Return the chunk numbers in order of relevance (most relevant first).
Question: {query}
{chunks_text}
Ranked chunk numbers (most relevant first):"""
response = anthropic_client.messages.create(
model="claude-3-haiku-20240307",
max_tokens=100,
messages=[{"role": "user", "content": prompt}]
)
# Parse the response
ranked_indices = [
int(x.strip()) - 1
for x in response.content[0].text.split(",")
if x.strip().isdigit()
]
# Reorder candidates
reranked = [candidates[i] for i in ranked_indices if i < len(candidates)]
return reranked[:top_k]
This technique boosted MRR from 0.74 to 0.87 and end-to-end accuracy from 71% to 81%.
Results Summary
| Metric | Basic RAG | + Summary Indexing | + Re-Ranking |
|---|---|---|---|
| Avg Precision | 0.43 | 0.44 | 0.44 |
| Avg Recall | 0.66 | 0.69 | 0.69 |
| Avg F1 | 0.52 | 0.54 | 0.54 |
| Avg MRR | 0.74 | 0.74 | 0.87 |
| End-to-End Accuracy | 71% | 71% | 81% |
Production Considerations
- Rate Limits: Full evaluations may hit rate limits unless you're on Tier 2+. Consider running smaller subsets during development.
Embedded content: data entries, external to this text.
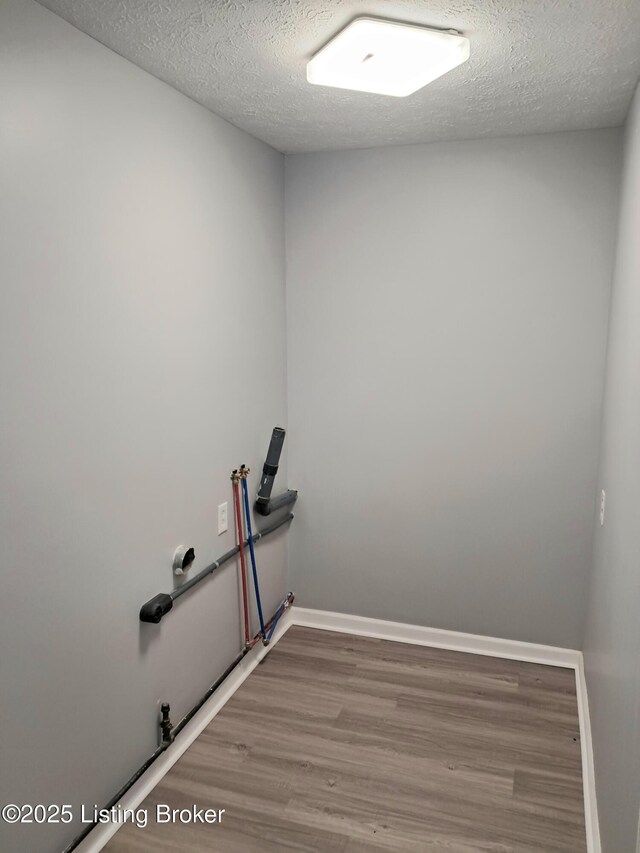 clothes washing area with wood finished floors, hookup for a washing machine, a textured ceiling, and baseboards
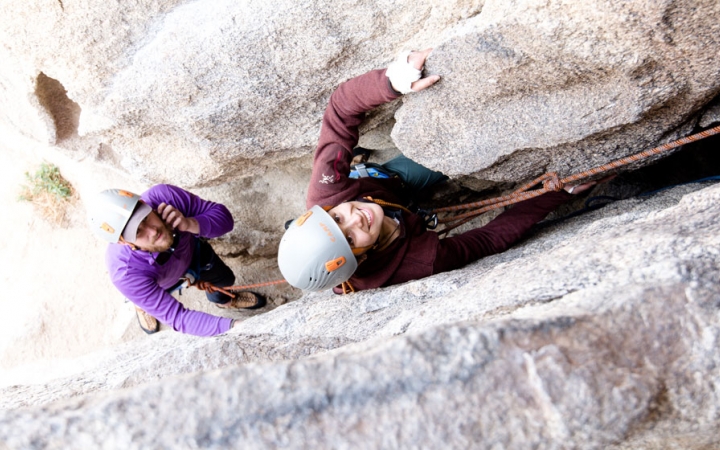 two students in rock climbing gear smile at the camera while navigating a crag 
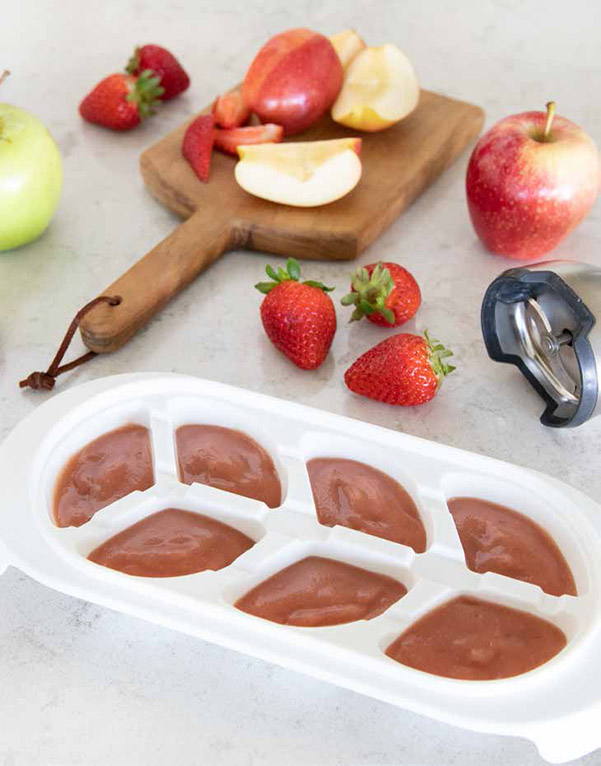 A baby food freezer container full of Strawberry Apple Pure from the InstaPot Baby Food and Toddler Food Cookbook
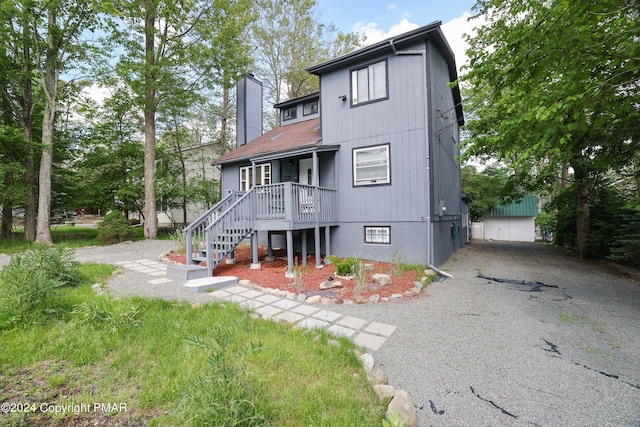 rear view of property featuring driveway, stairs, and a chimney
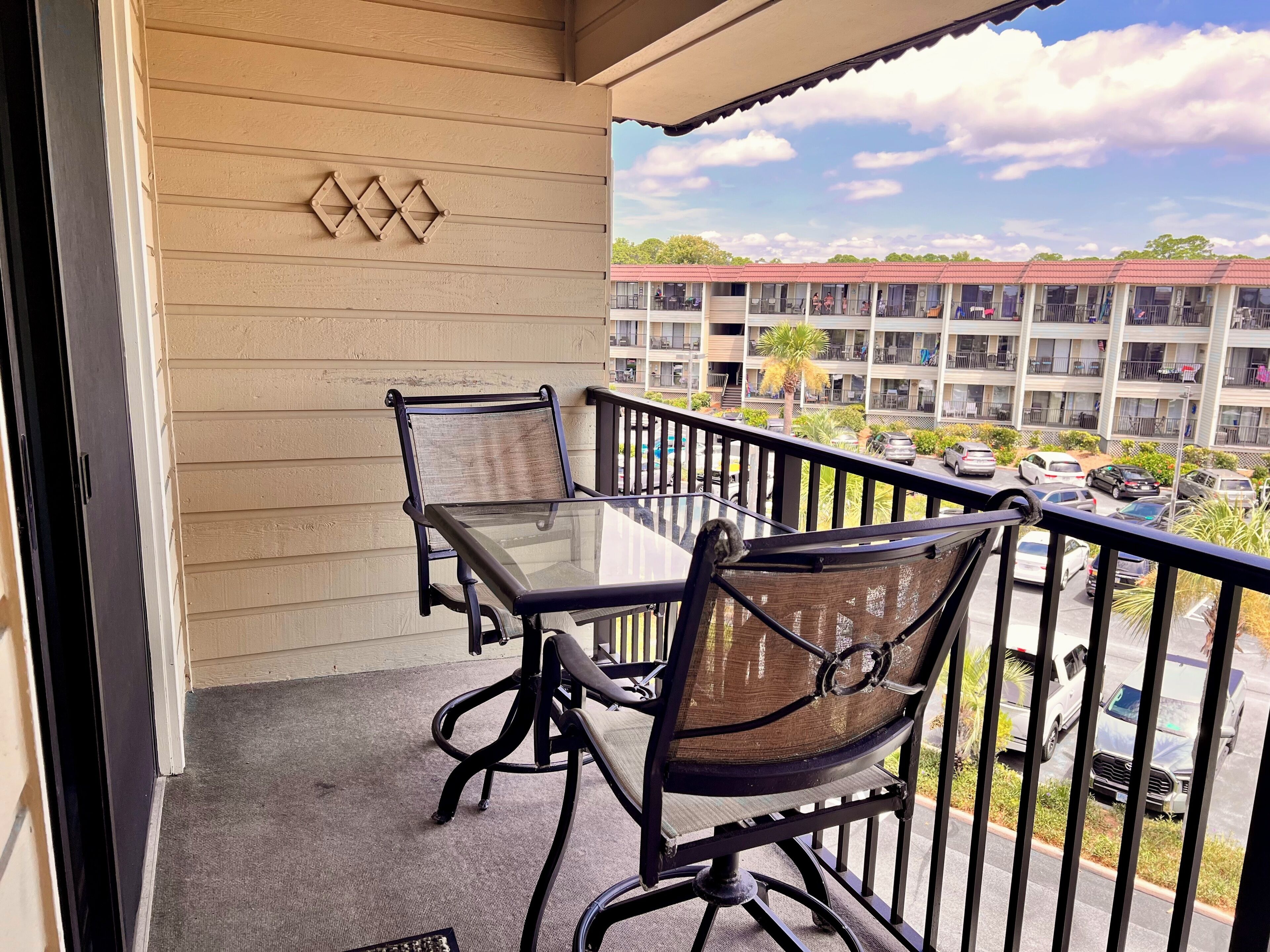 A balcony with a glass table and two chairs, overlooking a parking area and a building with multiple balconies.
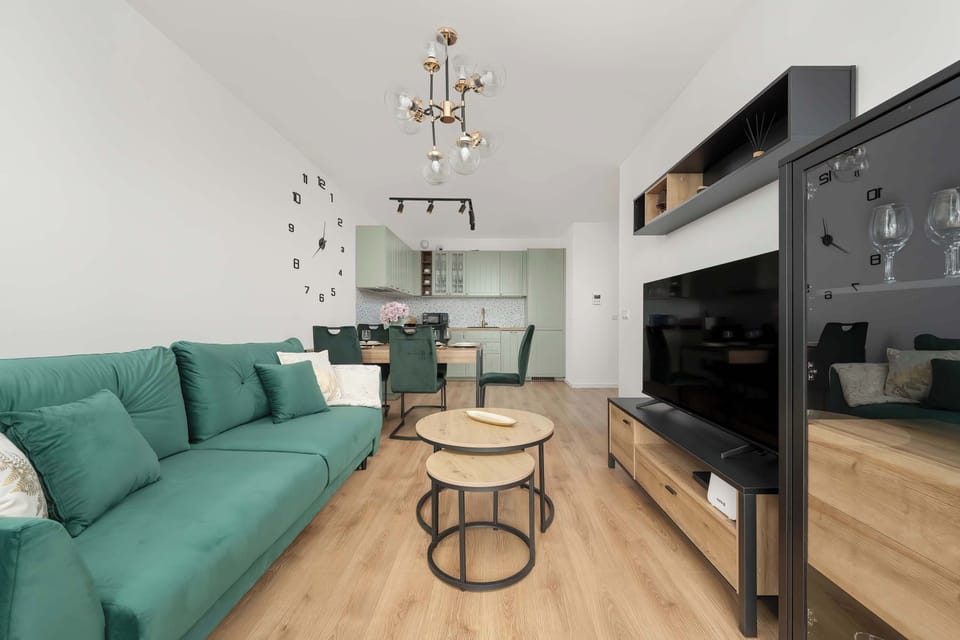 A wide view of the living room, displaying the green sofa, TV. The shot highlights the whole interior arrangement.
- Vector Database: Use a hosted solution (Pinecone, Weaviate, Chroma) for production workloads.
- Embedding Model: Voyage AI's
voyage-2is excellent, but experiment with other models for your domain. - Chunking Strategy: Experiment with different chunk sizes and overlap strategies.
Key Takeaways
- Measure separately: Always evaluate retrieval performance independently from end-to-end answer quality. This helps you pinpoint where improvements are needed.
- Start simple, then optimize: A basic RAG pipeline works surprisingly well. Add complexity (summary indexing, re-ranking) only when metrics show a clear need.
- MRR matters most for user experience: Users care most about whether the first result is relevant. Re-ranking with Claude dramatically improves this metric.
- Synthetic evaluation datasets are powerful: Generate 100-200 Q&A pairs with ground truth chunks and answers. This gives you a repeatable benchmark for measuring improvements.
- Advanced techniques pay off: Summary indexing and re-ranking together improved end-to-end accuracy by 10 percentage points (from 71% to 81%).